Il y a quelques temps sur le petit oiseau bleu, j’ai lu des choses qui m’ont un peu dérangé sur la problématique de la décision. Je ne me souviens plus exactement de quoi il s’agit. Il me semble qu’une personne avait dit qu’il ne fallait pas dire « nos patients » car c’était paternaliste. J’avais trouvé ça un peu ridicule comme tout politiquement correct poussé à l’extrême peut l’être. Plus grave, ceci focalise sur le terme et fait passer le reste du message à la trappe, ce qui est dommage. L’autre partie du discours sur le partage de la décision avec le patient était pertinente et intéressante. J’ai cru remarqué que certains trouvaient que le partage de décision avec le patient pouvait être vu comme une perte de temps.
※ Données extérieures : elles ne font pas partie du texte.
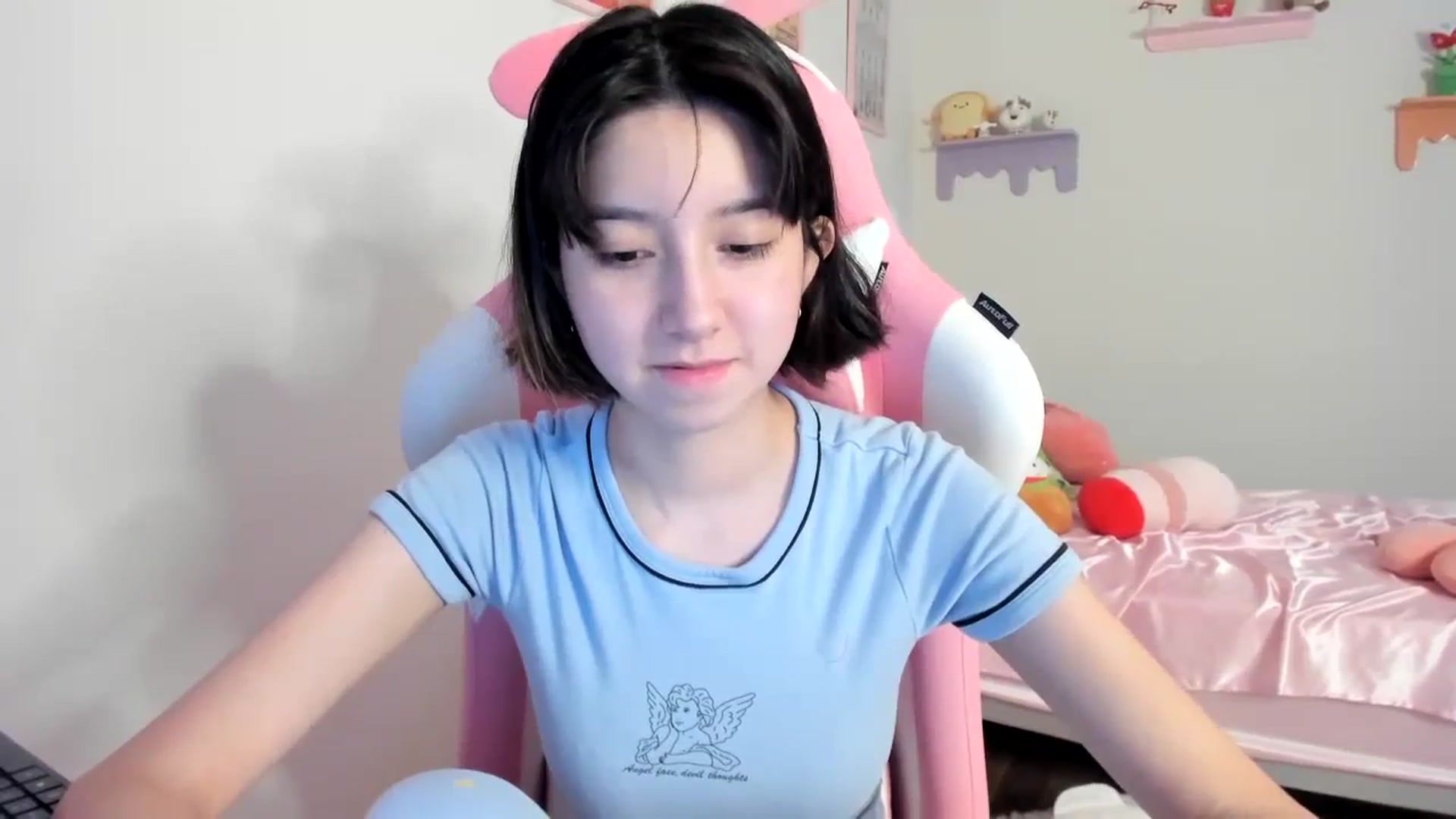 Gallery image thumbnail from Cherrycute666's myfreecams stream on, 07/24/2023, 10:09 image 7 of 20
Je comprends les deux positions. Le plus souvent nous devons respecter les souhaits du patient. Parfois nous devons malheureusement savoir passer outre ses désirs pour son bien.
Le chœur « des défenseurs du droit des patients à tout choisir par lui même » va me tomber dessus. Ceux qui pense qu’il faut toujours respecter religieusement ce que veux le patient même si ceci doit le conduire à son décès vont me haïr.
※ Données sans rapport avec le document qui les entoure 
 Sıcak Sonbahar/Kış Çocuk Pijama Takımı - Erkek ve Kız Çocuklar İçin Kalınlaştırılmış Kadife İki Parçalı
Depuis l’écriture de cette introduction, la bourrasque « brute » souffle. J’ai bien aimé la note de C. Lehmann. Ce matin Stockholm a fait une note intéressante avec un peu d’histoire de patients dedans. J’aime bien, même si je ne suis pas d’accord avec tout. Je ne vais pas en rajouter. Juste pour finir sur le sujet du bouquin qui fait péter les câbles à la twittosphère. L’auteur est engagé dans une spirale, comme une certaine association. Pour exister sur le marché de la dénonciation, il n’y a que l’escalade, pour attirer le journaliste et exciter le chaland. Si on sort du scandale, il n’y a rien. On disparait du paysage médiatique et quand on vit (je ne parle même pas financièrement mais au niveau de l’égo) de ça, ce n’est pas possible. Cette parenthèse achevée, je reprends le cours de cette note.
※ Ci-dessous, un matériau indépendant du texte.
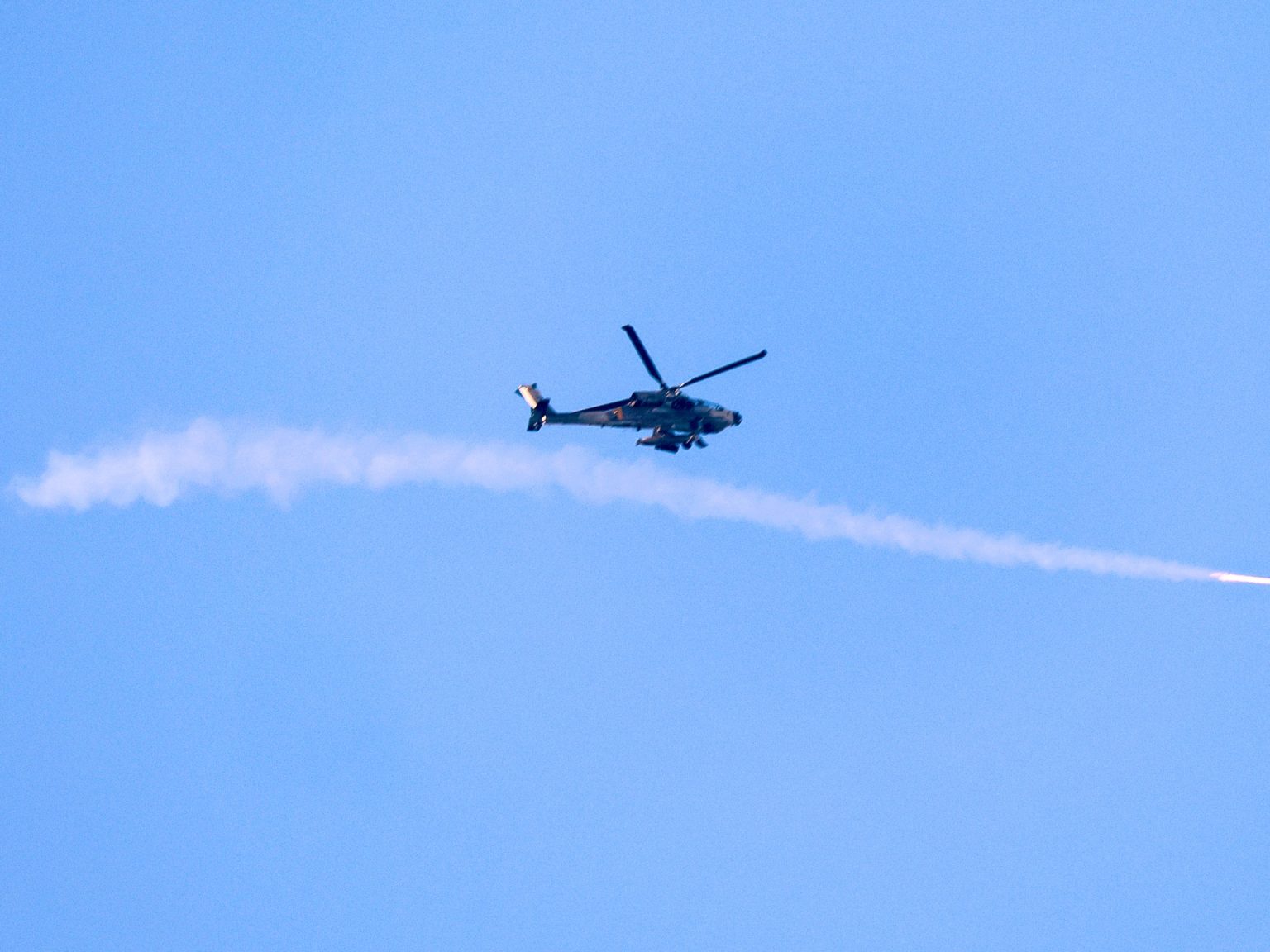 اشتباكات ضارية وسط غزة وجنوبها وإصابة 19 عسكريا إسرائيليا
Je suis un médecin de base. Je n’ai jamais suivi de cours d’éthique et je n’en suivrai jamais. Je n’ai jamais fait de philosophie, sauf en terminale, et je n’en ferai plus jamais. La seule chose que j’aime, ceux sont les histoires. Je vais essayer d’illustrer mon propos par deux histoires. Les deux patientes sont mortes depuis un certain temps, je ne peux pas leur demander leur consentement (ça commence mal). Elles ne seront pas reconnaissables.
J’étais jeune CCA. Je m’occupais d’une salle un peu lourde sans interne de spécialité. Je passais pas mal de temps sur mon lieu de travail. Nous avions dans les lits une patiente assez jeune venant d’outre-méditerranée. Une patiente très simple et très compliquée. Très simple, insuffisance rénale chronique terminale d’origine indéterminée sans aucune comorbidité. Très compliquée de part un refus de la dialyse qui la conduisait à refuser la création d’une fistule artério-veineuse ou la pose d’un cathéter permanent. Elle débarquait régulièrement aux urgences, trainée par son mari, car elle allait mal. Nous la récupérions dans le service, lui posions un cathéter, elle dialysait quelques fois et elle disparaissait. Elle revenait, soit fébrile avec le cathéter ouvert et crade, soit urémique au dernier degré. Les espaces libres entre les venues aux urgences se raccourcissaient. Elle était hospitalisée cette fois ci pour une septicémie à staphylocoque doré. Changement de tuyau, dialyse, antibiotique, amélioration initiale du syndrome fébrile et puis reprise de la fièvre, changement de cathéter, écho cœur, pas d’endocardite, toujours de la fièvre malgré les bons antibiotiques. Elle ne se plaignait de rien et ne voulait que sortir.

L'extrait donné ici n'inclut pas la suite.